2. Kollef MH, Bedient TJ, Isakow W, Witt CA, eds. The Washington Manual of Critical Care. 1st ed. Philadelphia, PA: Lippincott Williams & Wilkins; 2008:37-54.
3. Eriksson LI. The effects of residual neuromuscular blockade and volatile anesthetics on the control of ventilation. Anesth Analg. 1999;89(1):243-251.
Author's response:
I agree with all of the points Mr O'Gowan mentions in his letter. Airway management is a broad topic, and rapid sequence intubation is just one aspect within that topic. Admittedly, I submitted the article with some trepidation; not for what it contained, but for what it did not. For that reason, I qualified it as a review of recent literature, and I tried to make sure that it would not be seen as instructional in nature. I also did not want rapid sequence intubation to be confused with the much broader topic of airway management in general. Where those efforts fell short, I apologize unreservedly.
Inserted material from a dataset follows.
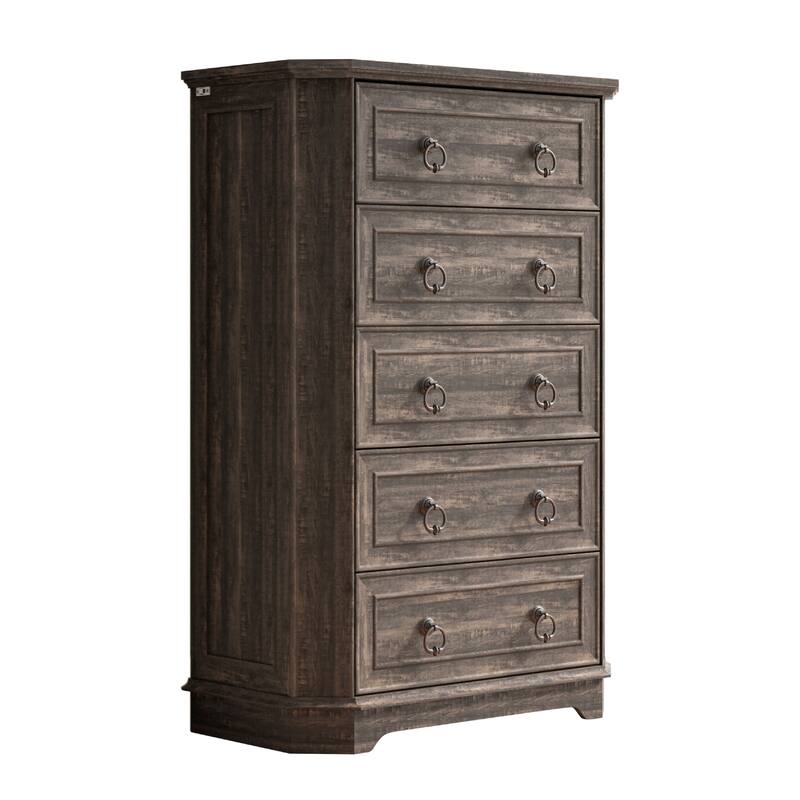 Farmhouse Wooden Dresser with Charging Station - Walnut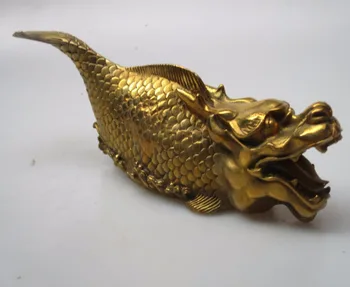 

Rare works of art Collection Chinese Brass Carved Dragon's head Fish Sculpture /8 inch Fish statue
Submissions to JAAPA are subject to limitations in length and context. In researching and crafting this article, I elected to cover the aspects of RSI that had recently been studied and written about in the literature. I also felt compelled to include enough of an overview of the procedure that any PA could follow along and get something out of the article. The result is that it does not contain many key aspects of a topic that can, and does, occupy volumes.
It is my hope that more PAs will continue the discussion on all aspects of airway management. If my article has encouraged that at all, then I'll count that as one measure of its success.